The algorithm iterates through the formula string once. The operations within the loop (hash map lookups, string manipulations) are typically O(1) on average for hash maps and short strings. Sorting the atoms takes O(M log M) time, where M is the number of unique atoms. Therefore, the overall time complexity is dominated by the iteration and sorting, resulting in O(N + M log M), where N is the length of the formula string and M is the number of unique atoms. In the worst case, M could be O(N), but often M will be much smaller than N.
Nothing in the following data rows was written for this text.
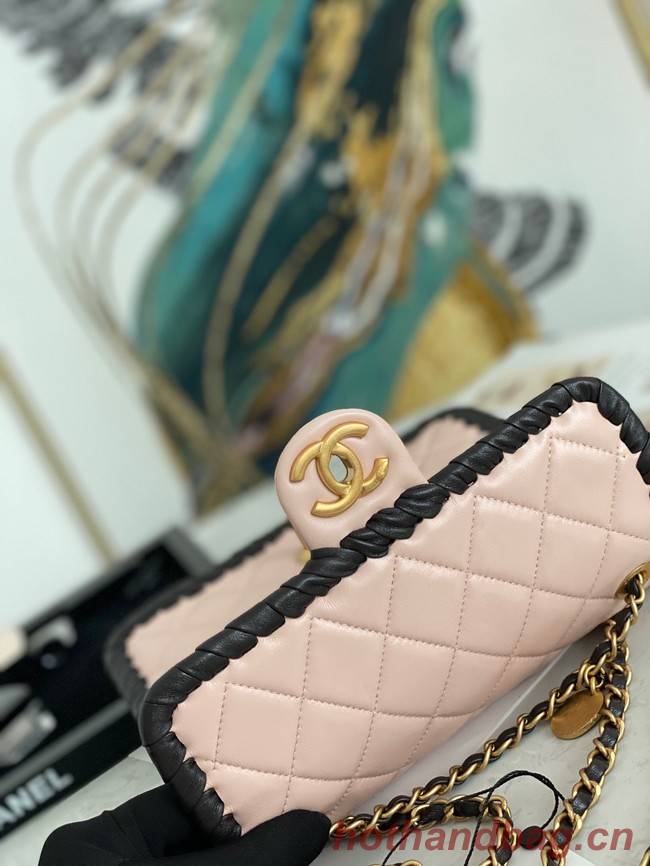 Chanel 22C New Woven Piping Square Original Leather Bag AS6075 pink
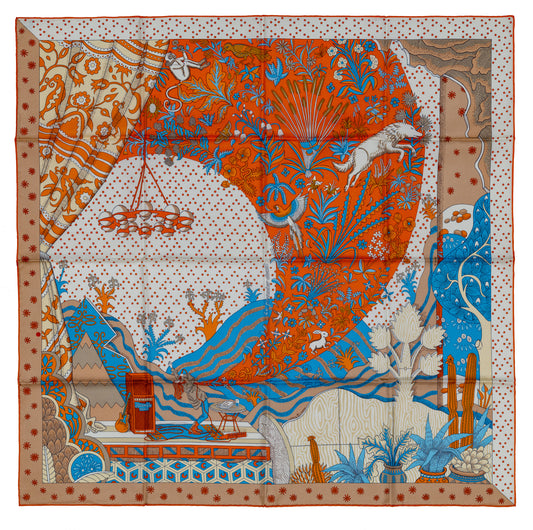 Hermes Scarf Le Premier Chant - Orange Blanc Bleu - New With Tag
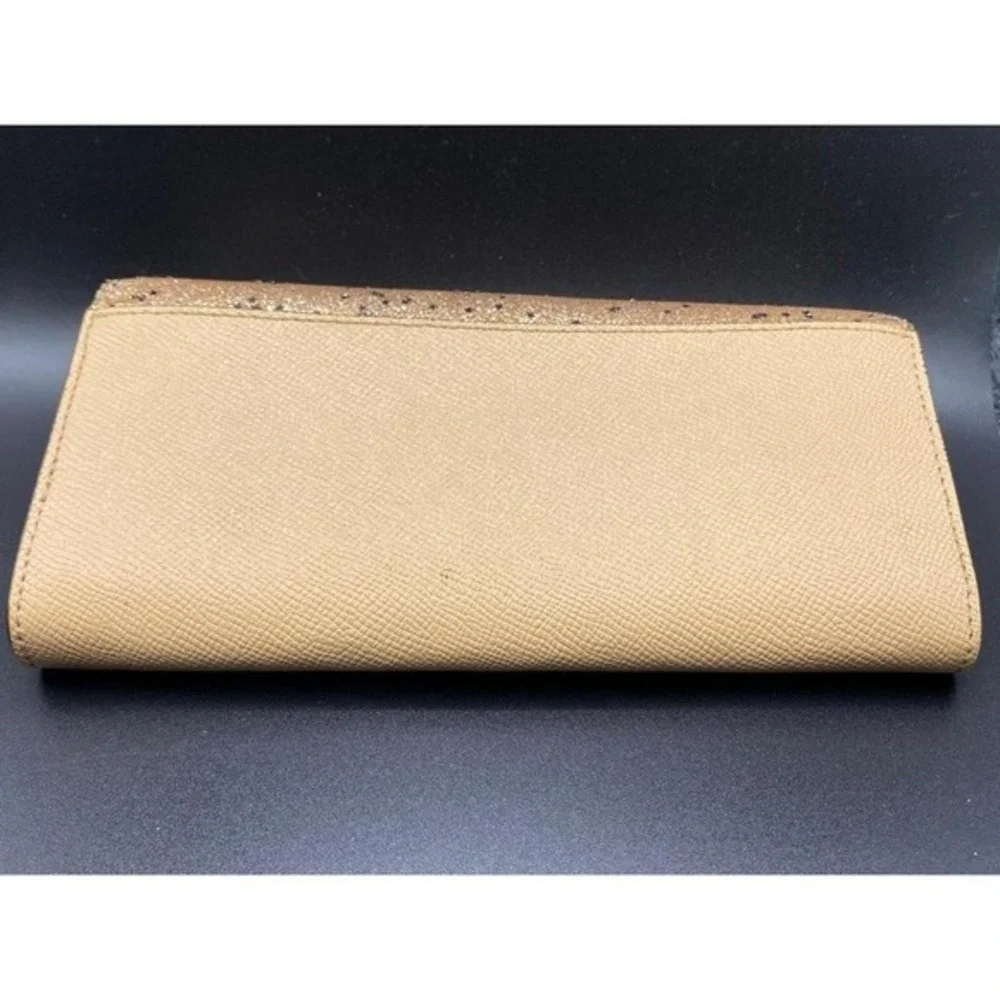Coach Beige Cream Gold Glitter Star Tan Leather Accordion Wallet Clutch Envelope
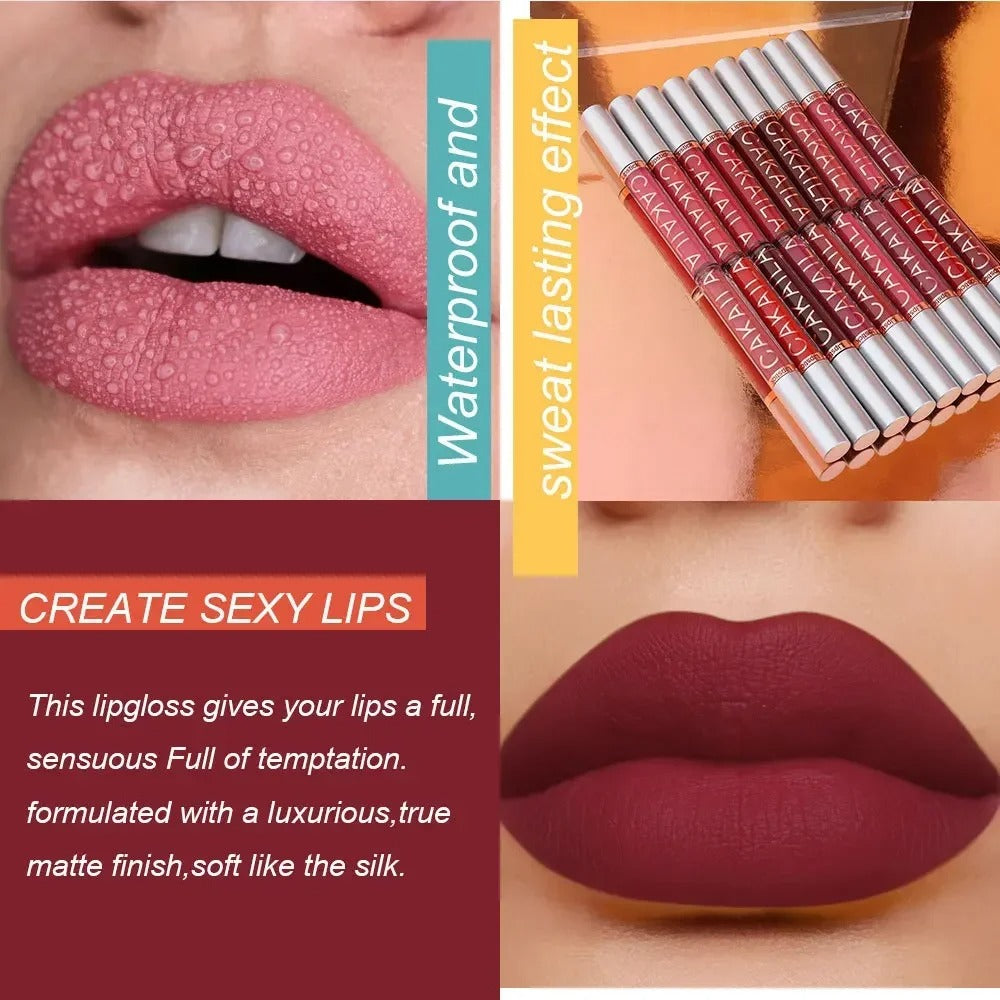 CAKAILA 10pcs/set Nude Lip Gloss Matte Velvet Lipstick Waterproof Long-lasting Liquid Lipstick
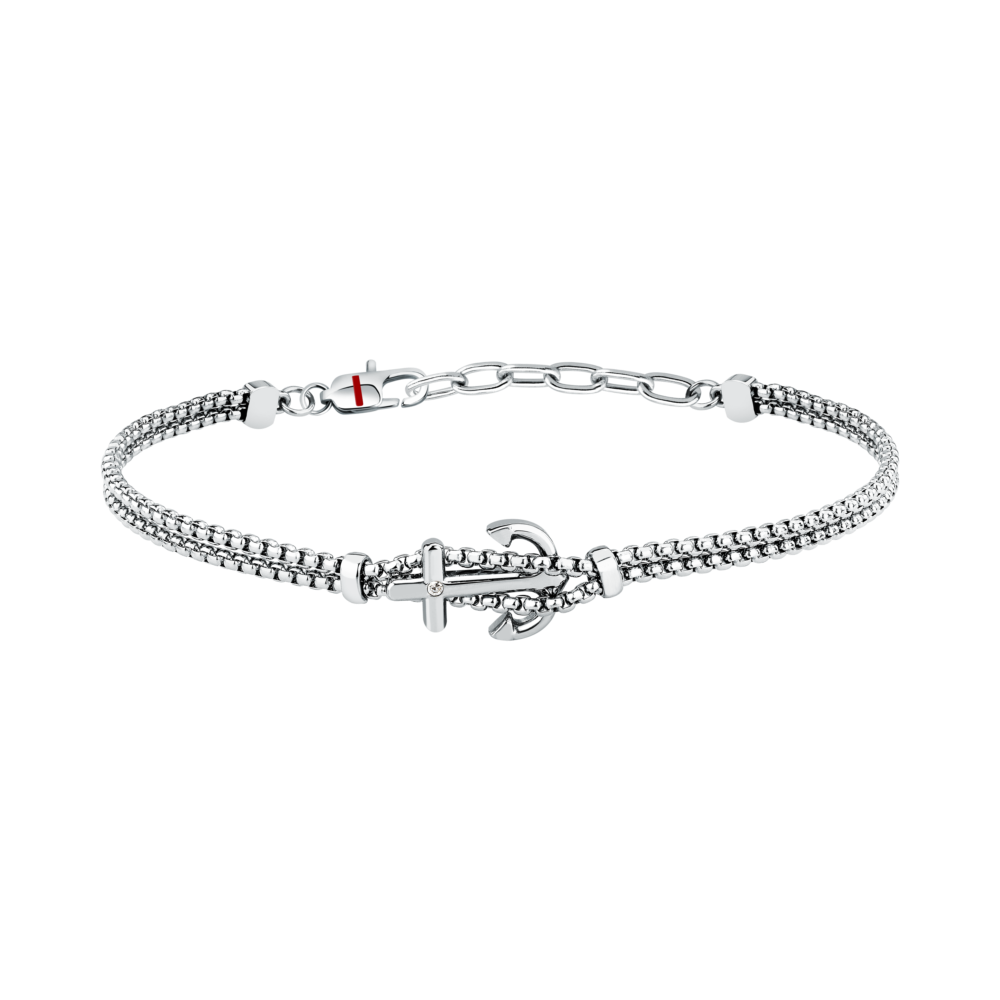 Bracciale Uomo Sector Marine con Ancora e Cristallo in Acciaio Silver SAGJ46 - Sector
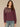 Pickled Beet Long Pleated Drop Shoulder Dolman Sleeve Crew Neck Abstract Beaded Sequined Embroidered Shoulder Detail Petite Knit Sweatshirt
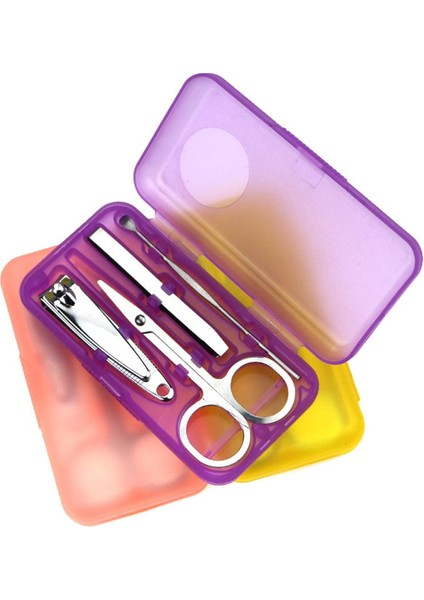 Profesyonel Paslanmaz Çelik Tırnak Makası Seti 4 Parça Plastik Şeffaf Makas Kutu Seti Düzeltici Bakım Manikür Makinesi Tırnak Aracı Kiti (Yurt Dışından)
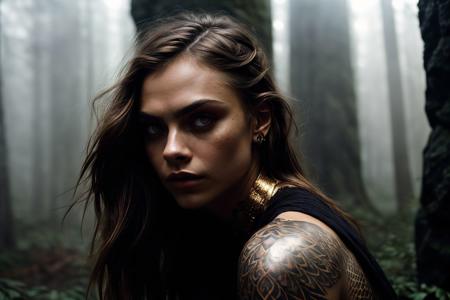 artistic photography, (symetric compositiont:1.5), (Medium Close-Up Shot:1.1) photo of 1girl  ,beautiful, (demonic goddess with yelow glowing eyes with reptilian pupils:1.35), (Cara Delevingne|keira knightley),  (gold intricite tattoos on the neck:1.3),  sharp facial feathers,   short burgundy hair with gold highlights, (fitness body type:1.2),  voluptuous, vivid colors , (dust, fog, mist, particles around her body: 1.35), (angry looking  straight at viewer) Deep view, (lights:1.1),  (detailed skin textures:1.1), (in old mystic forrest:1.1), (bokeh, particle efects,:1.3),  , (she sits on a monumental rock:1.3), she iis wearing tight short gold ornate dress, <lora:add_detail:1>  ( natural moody light:1.1), (evening:1.3), ( hasselblade,  4 kodak portra 400 camera, f5 lens, (rich colors:1.1),sharp focus,  natural, lifelike texture, dramatic lighting, cinestill 800, deep shadow, cinematic,)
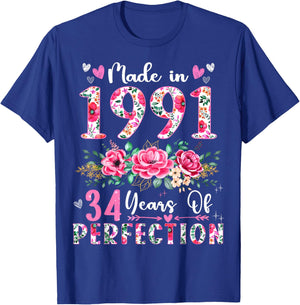 34 Year Old Made In 1991 Floral 34th Birthday Women T-Shirt - T-Shirt | Royal
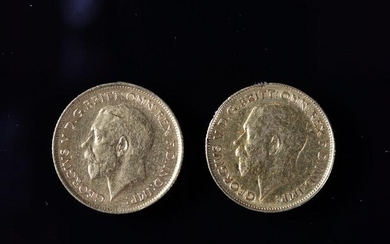 2 Sovereign coins in gold 1913 and 1915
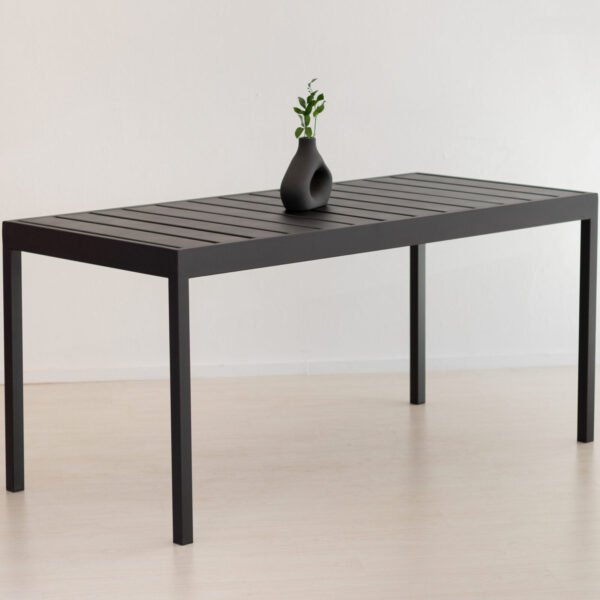 STUDIO DELTA LARGE INDUSTRIAL PATIO TABLE IN BLACK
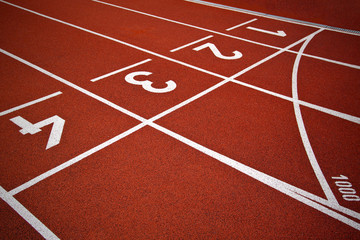 Athletics Start track lanes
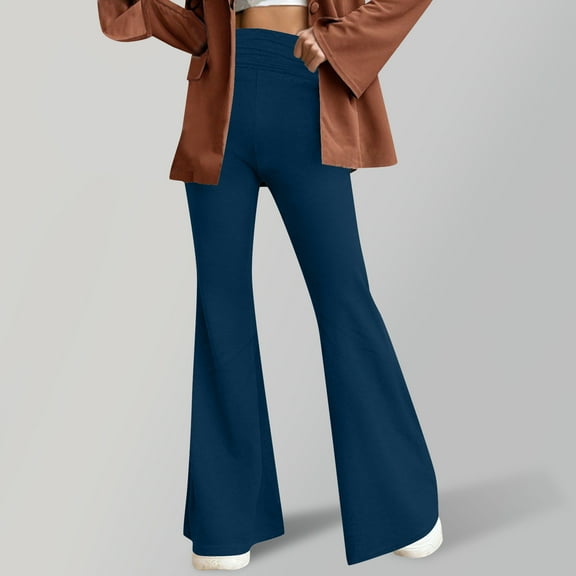 Sakmal Blue Leggings Women High Waisted Lightweight Soft Trendy Yoga Pants Solid Flare Leg Full Workout Leggings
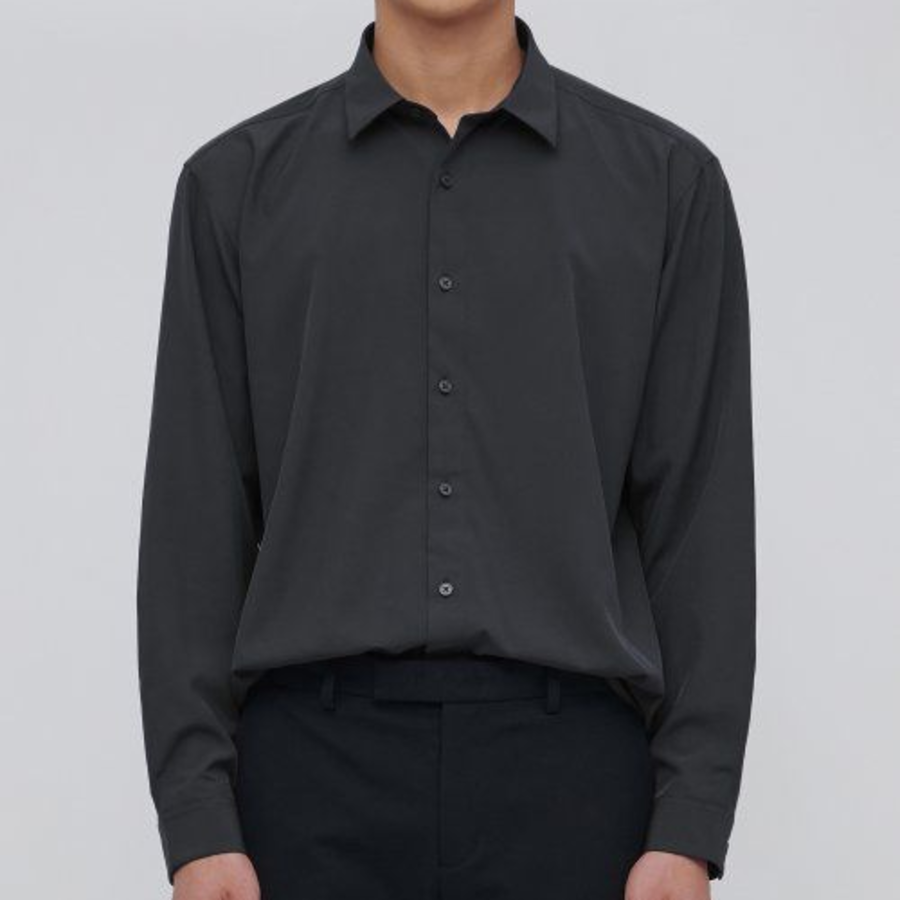 Relaxed Fit Silky Shirt [Dark Grey]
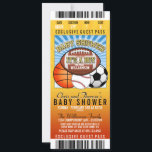 Sports Theme Party Baby Shower Invitation<br><div class="desc">Customize your own championship tickets for your own sports themed party baby shower!</div>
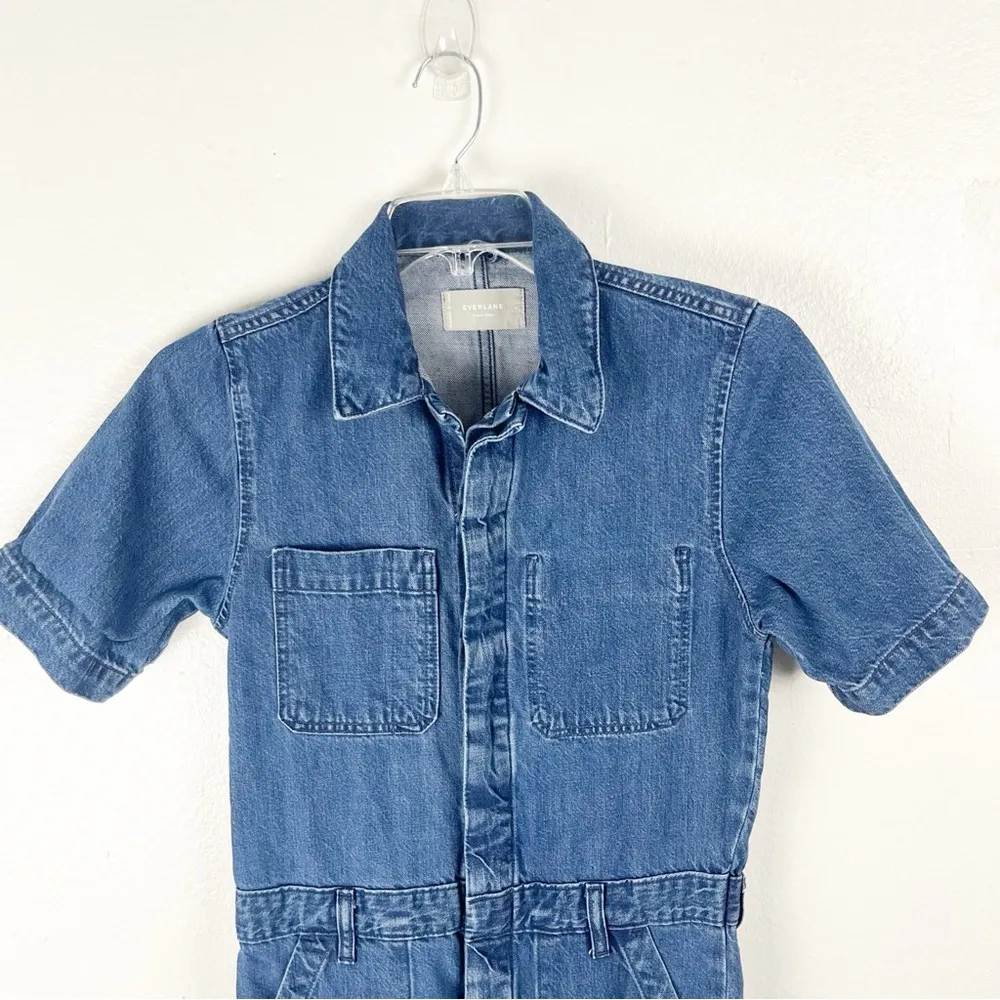 EVERLANE The Super Soft Organic Cotton Blue Jean Denim Coverall Jumpsuit, Size 0 - Image 8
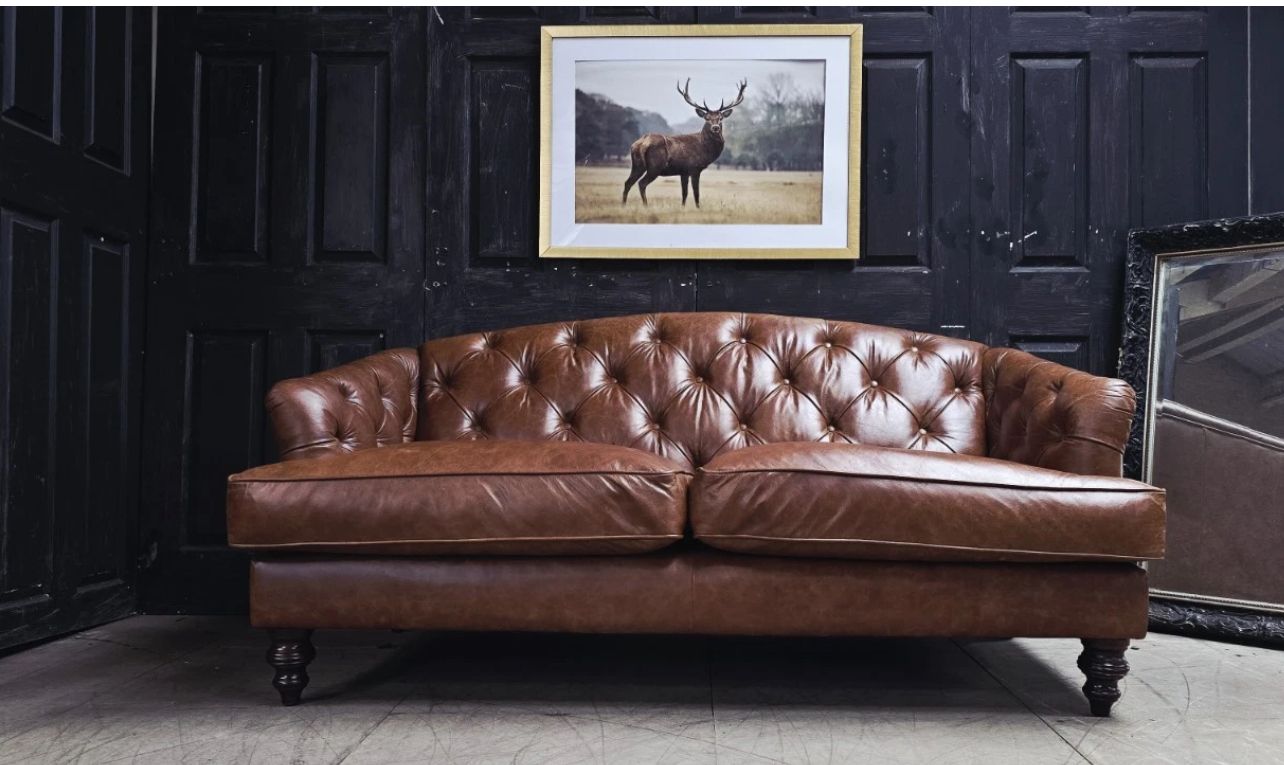Stunnig Used Tetrad Dalamore 3 Seater Chesterfield(harris Tweed) Sofa photo 1195.0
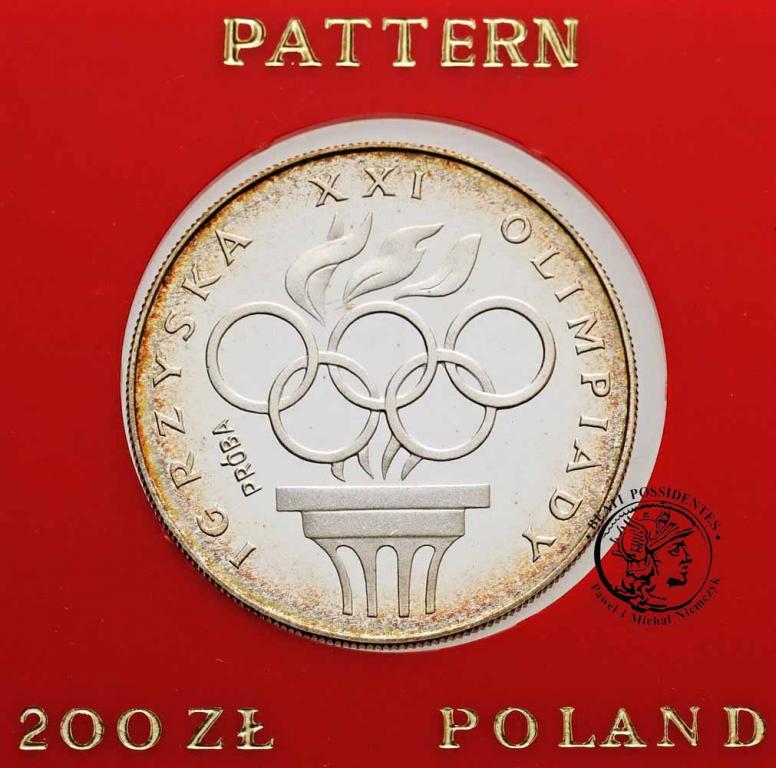 PRÓBA Srebro 200 złotych 1976 Znicz Olimpiada stL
Space Complexity Analysis:

The space complexity is determined by the stack, the hash map, and the temporary strings used. The stack's size can be at most equal to the maximum nesting depth of parentheses, which is typically a small constant. The hash map can store up to M entries (unique atoms). The temporary strings are relatively short. Therefore, the overall space complexity is O(M), where M is the number of unique atoms.

Code Examples (Java):

import java.util.*;
 
class Solution {
    public String countOfAtoms(String formula) {
        Map<String, Integer> map = new HashMap<>();
        Stack<Integer> stack = new Stack<>(); // Use Stack for better readability
        stack.push(1); // Initialize with multiplier 1
        int multiplier = 1;
        int num = 0;
        String atom = "";
        for (int i = formula.length() - 1; i >= 0; i--) {
            char c = formula.charAt(i);
            if (Character.isDigit(c)) {
                num = num + (c - '0') * (int) Math.pow(10, atom.length());
            } else if (Character.isLowerCase(c)) {
                atom = c + atom;
            } else if (Character.isUpperCase(c)) {
                atom = c + atom;
                map.put(atom, map.getOrDefault(atom, 0) + (num == 0 ? 1 : num) * multiplier);
                num = 0;
                atom = "";
            } else if (c == ')') {
                stack.push(multiplier);
                multiplier *= (num == 0 ? 1 : num);
                num = 0;
            } else if (c == '(') {
                multiplier = stack.pop();
            }
        }
 
        List<String> sortedAtoms = new ArrayList<>(map.keySet());
        Collections.sort(sortedAtoms);
        StringBuilder result = new StringBuilder();
        for (String a : sortedAtoms) {
            result.append(a);
            int count = map.get(a);
            if (count > 1) {
                result.append(count);
            }
        }
        return result.toString();
    }
}

This improved Java code uses a Stack for better clarity and handles edge cases more robustly. The Python, C++, Go, and TypeScript solutions follow a similar approach with appropriate adaptations for each language's syntax and features. Note that the regex based Javascript/Typescript solutions while concise, may not be as efficient as the stack based solutions for very large inputs.